Cordilleran Section - 103rd Annual Meeting (4–6 May 2007)

Paper No. 6
Presentation Time: 2:50 PM

ANOTHER LOOK AT ICE RETREAT FROM THE NORTHERN PUGET LOWLAND, WASHINGTON


DETHIER, David P., Geosciences Dept, Williams College, Williamstown, MA 01267, ddethier@williams.edu

Cordilleran ice retreat from the northern Puget lowland of Washington in latest Pleistocene time was rapid and occurred mainly along calving margins of the deeply embayed Juan de Fuca and Puget lobes. Reconstructing ice retreat requires ice-contact deposits and those controlled by rapidly changing relative sea level (RSL), which was driven mainly by the balance between rising eustatic sea level and glacioisostatic recovery.

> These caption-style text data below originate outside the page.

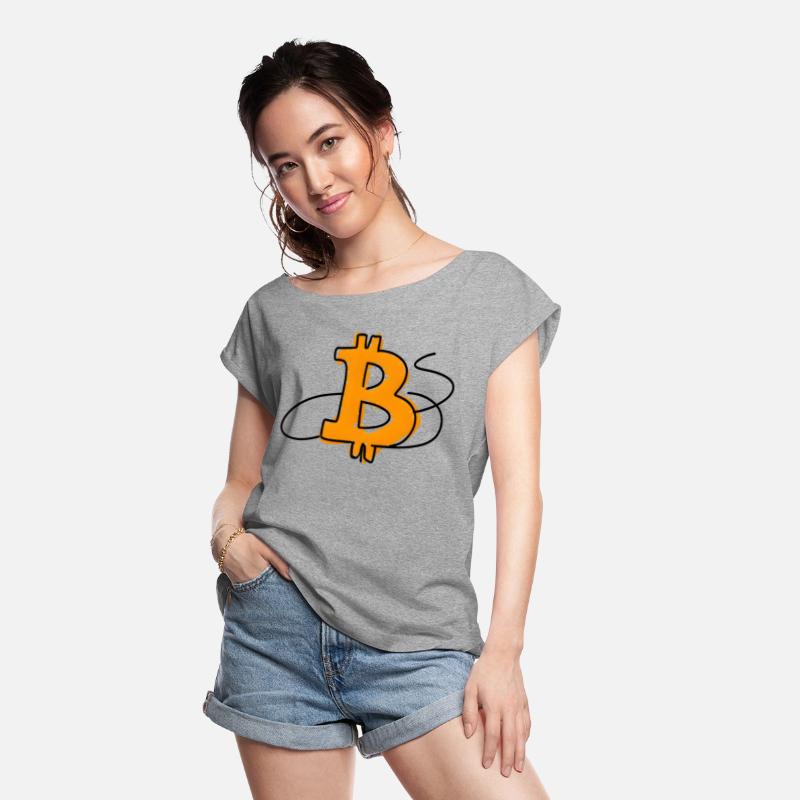 Bitcoin Minimalist Logo
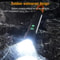 Waterproof Tactical Flashlight With Zoom COB Emergency Light 2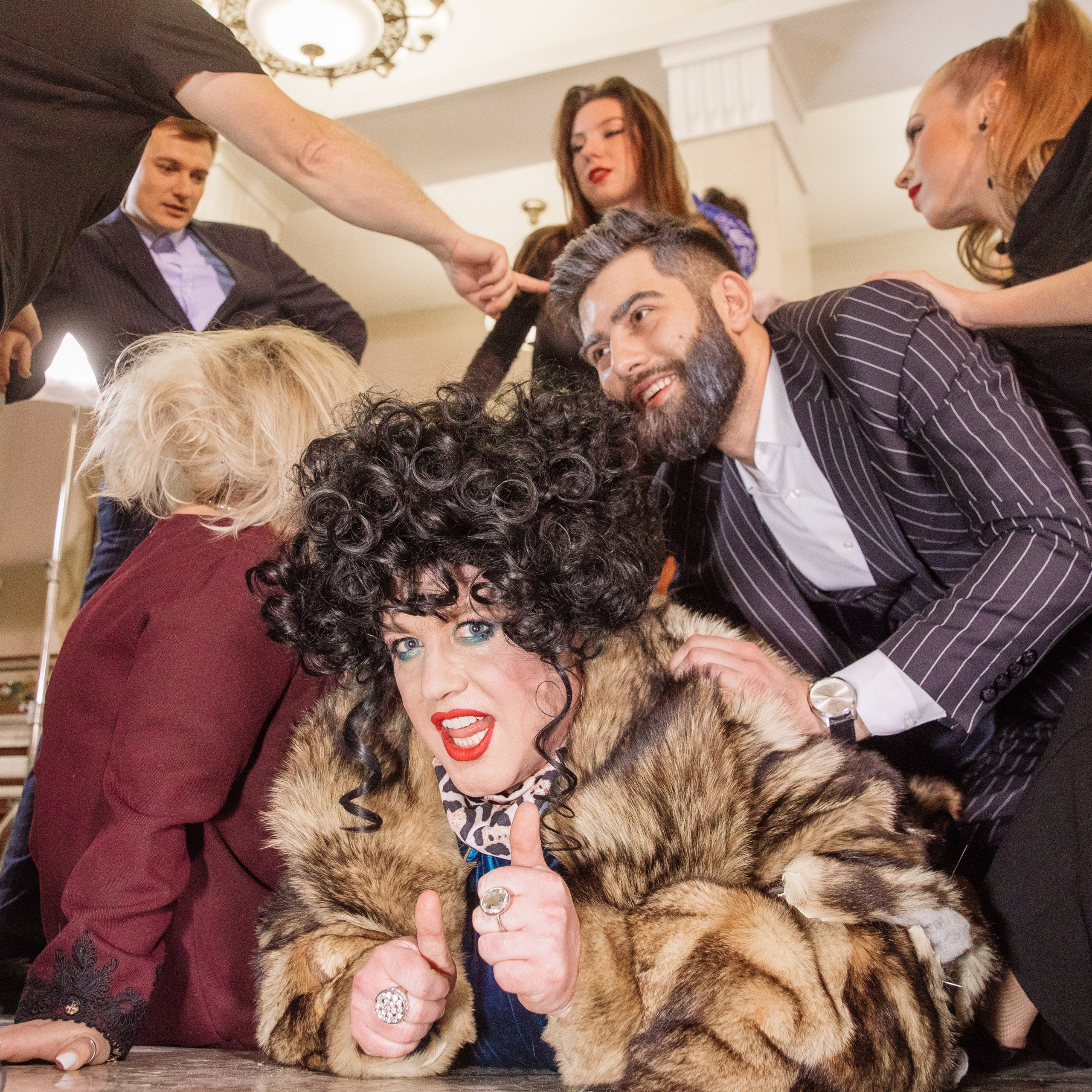 Зинаида Фурор. Шуба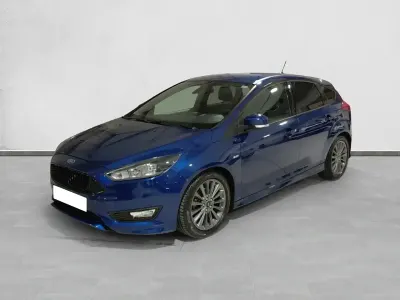 Usado Ford Focus ST-Line 125 CV (91 kW) 2017 Azul Berlina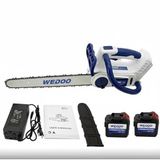 Hsgl Wedo Mls-0043 40V Fırçasız Akülü Ağaç Kesim Motoru 2X4ah Batarya 35 Cm Kılavuz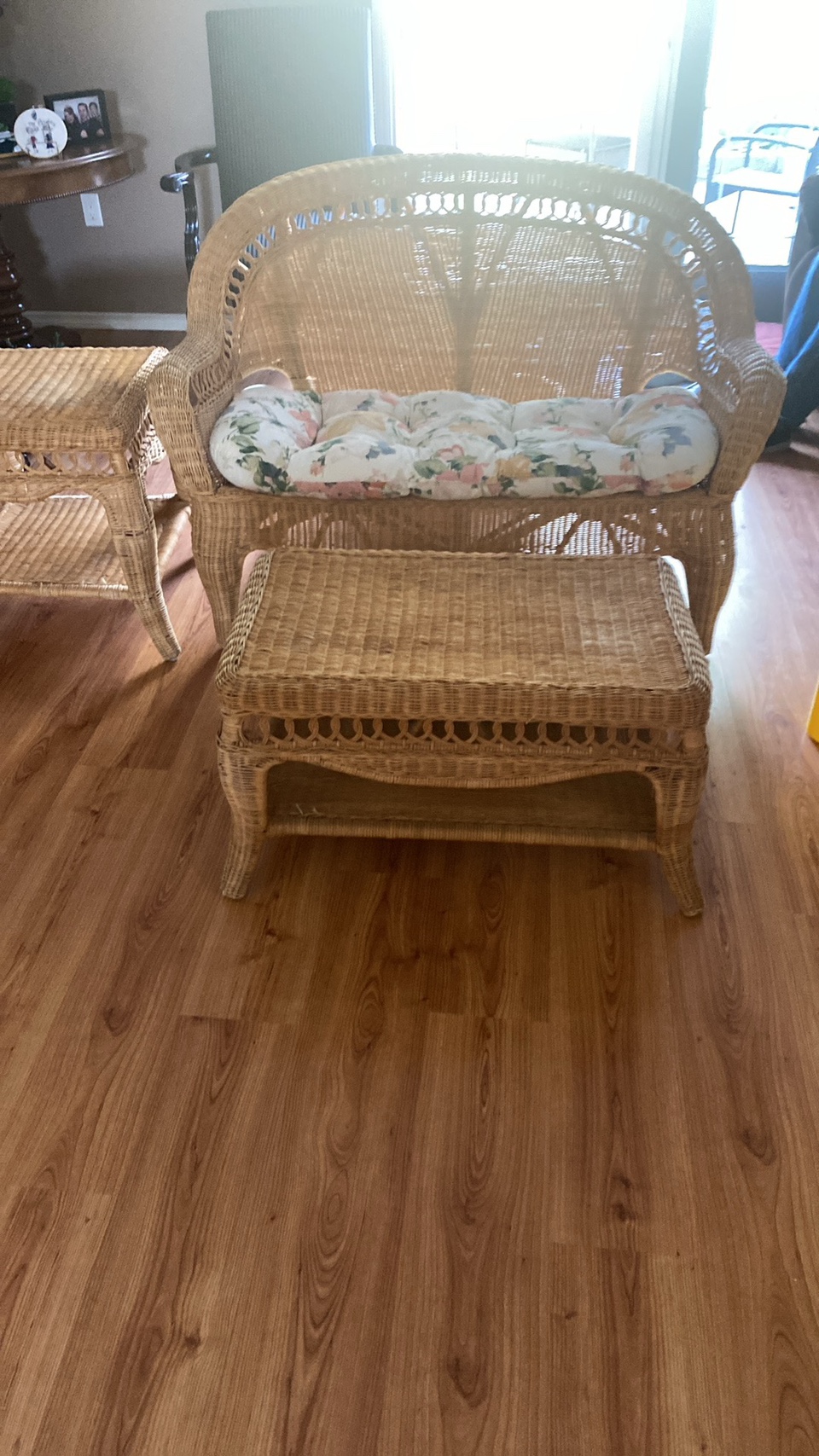 Wicker set - photo 3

Near 48.5° N, RSL fell from an elevation of ~ 100 m to -62 m in latest Pleistocene (?) time, then rose throughout Holocene time. Local RSL records also reflect tectonic activity along this zone of oblique plate convergence. Separating the components of local vertical movement is desirable for many reasons, but difficult in practice, and reservoir effects and dose-rate uncertainties hamper precise dating of events. However, mapping of glacial, glaciomarine and emerged marine deposits during the past two decades and more recent precise DEMs and LIDAR-based topography allow a closer look at the dynamics of ice retreat during the millennium centered at about 13, 000 radiocarbon years BP. Most evidence suggests that Cordilleran ice retreated rapidly, eroding Quaternary deposits subglacially and depositing them in the adjacent marine environment. In a few places on Whidbey Island and in the San Juan Islands and northeastern Puget lowland, ice-contact deposits record where the retreating ice reached local equilibrium. The rate of ice retreat and volume of sediment transported suggest that rapid flow and erosion rates were driven by the warm temperatures and substantial subglacial water flux in the northern Puget lowland.